Yep, I am still interested in this one, and would be happy to start on scoping anytime after this week
GitHub - gdpelican/discourse-graphryder
Contribute to gdpelican/discourse-graphryder development by creating an account on GitHub.
Yep, I am still interested in this one, and would be happy to start on scoping anytime after this week
Perfect! Feel free to start anytime, and let’s touch base end of next week?
Alright, I’ve had a poke around here, and here’s my rough guess on a timeline for phase 1:
Action items:
Pull back the experimental changes around RedisGraph models within Discourse (~2 hrs)
Sync the Discourse DB so that it writes to RedisGraph as well (~8hrs)
Write an endpoint to accept Cypher queries to RedisGraph (~4hrs)
Adapt Graphyryder API to call Redisgraph endpoint instead of neo4j (~15-20hrs)
This is a short week in New Zealand (happy birthday to the Queen), so I’ll look to get the first three Discourse items together starting next week, then start on the Graphryder API piece the week after. Does this seem like a sensible start to you @hugi?
I’ve set it up a few times now so maybe I can help. What problems are you running into?
Yes, this sounds reasonable! Thanks.
Yes, we need to get annotations, codes and code names from the “annotator-store”. And even though it’s not used in the importer now, we should also include the relations for who has created each annotation and code.
All of that data is already available in ActiveRecord, so getting it shouldn’t be harder than getting the other data.
However, I’m not sure if these end up in the event log in the same way as the standard Discourse stuff, @matthias?
We should use an approach here that syncs with what already exists for the annotator. How do you think this should be implemented @matthias?
The annotator-store gem and our extensions to it store to the PostgreSQL database via a plain ActiveRecord mapping, and that’s it. We don’t implement any Discourse specific interfaces etc., it’s rather so far a standalone Rails engine that does its own thing and relies on Discourse for authentication and a shared database.

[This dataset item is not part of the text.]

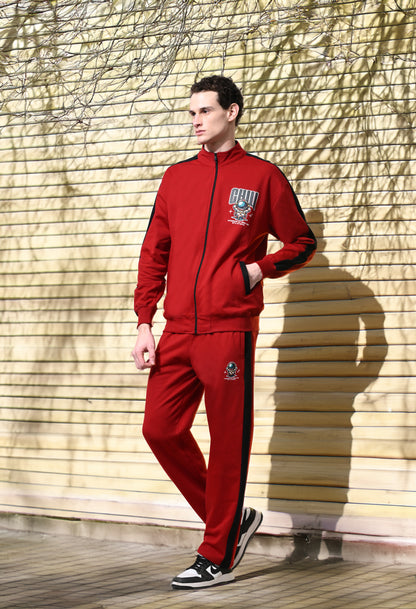 Crimson Red Oversized Fleece Co-ord Set for Winters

Access should be granted with two mechanisms:
Discourse API key for the so-called Admin API, provided by the client application. This is the approach we currently use for all Vue.js applications to access the Discourse API by first doing a SSO login via community.edgeryders.eu and then obtaining the user’s admin API key via this custom API endpoint.
If the user is an authenticated Discourse user and member of group “annotator”, as currently done inside Open Ethnographer. This would be used for the case of implementing Graphryder visualizations as part of the current Open Ethnographer interface. Which is not planned yet, but should be possible. Since it will not be needed in the immediate future, no need to implement it right now. But if there is a way to implement the API endpoint so that this comes out as a side effect, then do that.

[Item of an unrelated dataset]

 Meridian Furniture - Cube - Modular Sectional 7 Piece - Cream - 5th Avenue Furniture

I haven’t been able to get Graphryder running locally just yet,
We have detailed installation instructions. They reside outside of the Github repositories though … I hope you found them already …
A minor update here:
Pull back the experimental changes around RedisGraph models within Discourse (~2 hrs)
^^ this is done and pushed, woo! Now we have a plugin which exposes a single endpoint which will execute read-only Cypher queries against the RedisGraph embedded in the Discourse instance.
Sync the Discourse DB so that it writes to RedisGraph as well (~8hrs)
^^ the bulk of this is complete, and looks to be finished by end of week.
In our first instance of differences between RedisGraph and Neo4j, it appears RedisGraph doesn’t support unique constraints, which Neo4j does. We should be able to dance around this with a bit of ‘upsert’ style code in the plugin, which I have on the docket for tomorrow.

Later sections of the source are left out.